As PDFTextStream got its legs in the market about 18 months ago, our consulting business picked up, and I began to look for a way to use Python for prototyping and custom development in conjunction with PDFTextStream. Of course, back then, PDFTextStream was only for Java, so some bridge-building was in order.
I came across JPype (
http://jpype.sourceforge.net), and found it to be a promising solution. JPype is an open-source Python library that gives “python programs full access to java class libraries”. Sounds good, and it was.
Eventually, however, we ran into some problems. Specifically, one of our clients wanted to have PDFTextStream extract text from PDF documents in-memory (i.e. without having the PDF file(s) on disk). That’s not problem with PDFTextStream — we added that feature in short order.
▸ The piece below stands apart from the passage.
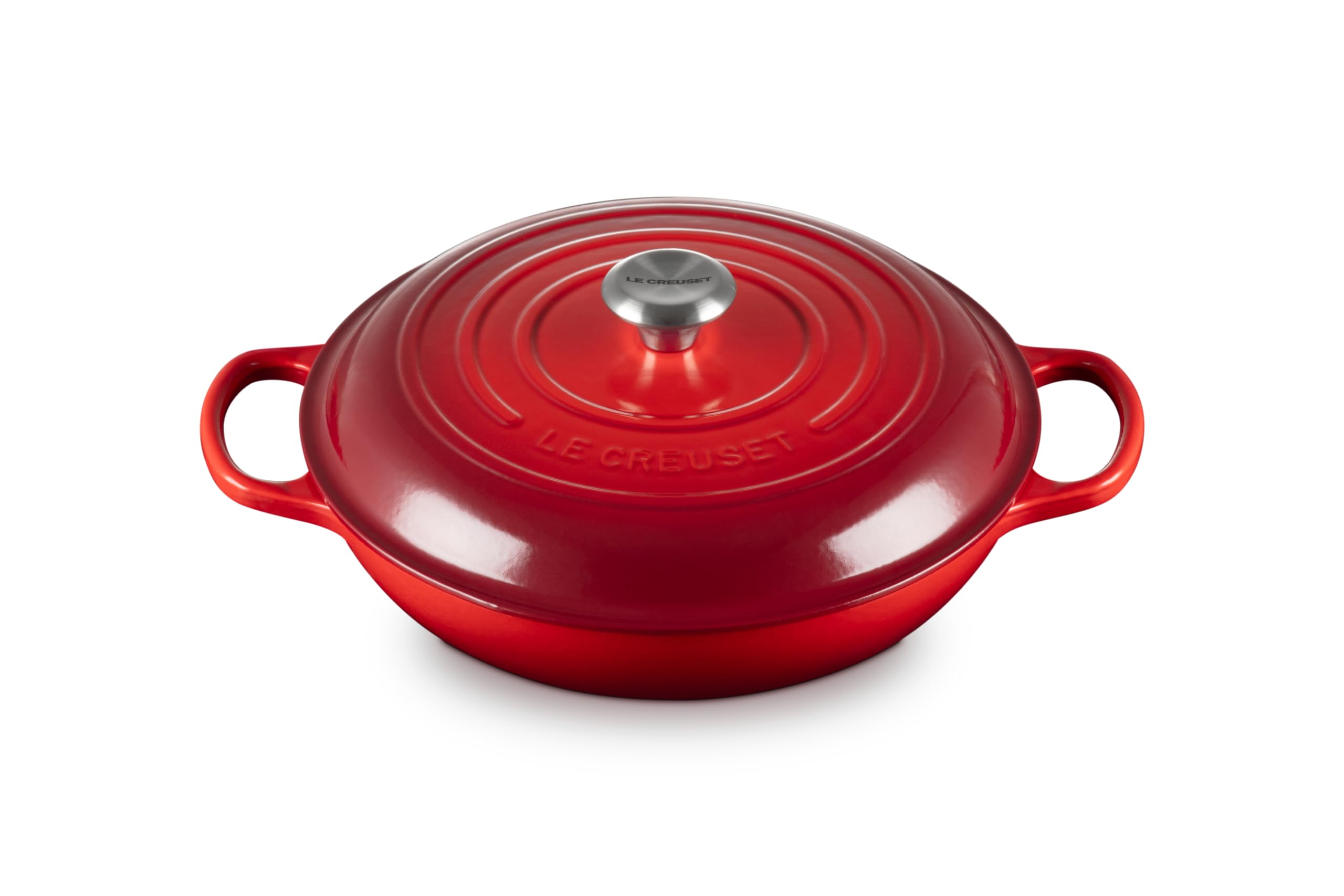 Braiser Le Creuset con base ancha para dorar y sellar ingredientes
However, this client was also adamant in their desire for a Python-based solution. The rest of their application (with which our piece integrated) is 100% Python, and their performance requirements (think millions of PDF documents processed per month) made running PDFTextStream as some kind of service component unthinkable.
What’s the problem? JPype, circa summer of 2005, copied data between Python and Java. That means that, if you have a PDF file in memory in Python, and want to use PDFTextStream’s in-memory extraction capability, JPype made a copy of that PDF file data before passing it off into the target Java function or constructor.
Bad, bad, bad. That was a huge performance hit to the application, and simply unacceptable from the client’s (and users’) point of view.
The obvious course of action was to make JPype, in effect, “pass by reference” when working with significant chunks of data (byte arrays, Strings, etc). This was no simple task, but we soon contacted the maintainer of JPype, a friendly fellow named Steve Ménard, and explained our predicament.
Within a few days, he had hammered out the idea to expose Python strings (the byte array of the Python world in most environments) as DirectByteBuffer objects in Java. This was a great idea, and meshed nicely with PDFTextStream’s in-memory processing API. Steve and I hammered out a relatively informal work agreement and hourly rate, and it was assumed by both of us that his enhancements to JPype for our purposes would stay licensed under the Apache v2.0 license to be enjoyed by the rest of the JPype community.
Nailing down all the technical details took a few weeks, but in the end, Steve was successful. We were able to put PDFTextStream’s entire API to use from within Python in a way that sacrificed not one ounce of performance or functionality.
So what’s the upshot of all of this?
- Our consulting job completed with high praise from our customer, and our component of their application continues to hum away, extracting text from millions of PDF documents per month using PDFTextStream from Python
- We’ve since worked with Steve here and there as necessary in order to make additional tweaks to JPype. Because of his help, we now distribute a supported version of PDFTextStream for Python (click that for more technical details about the Python/Java integration made possible by JPype).
- The JPype project retains the new/improved functionality that we paid for, and the broader community continues to benefit from that.
- Steve got to pick up a new mac mini, plus whatever else he felt like buying with his hard-earned cash
That’s what I call a win-win situation, for us, for our customers, for Steve, and for the JPype project and its other users. In an ideal world, this is how open source and commercial software efforts should collaborate and cross-pollinate.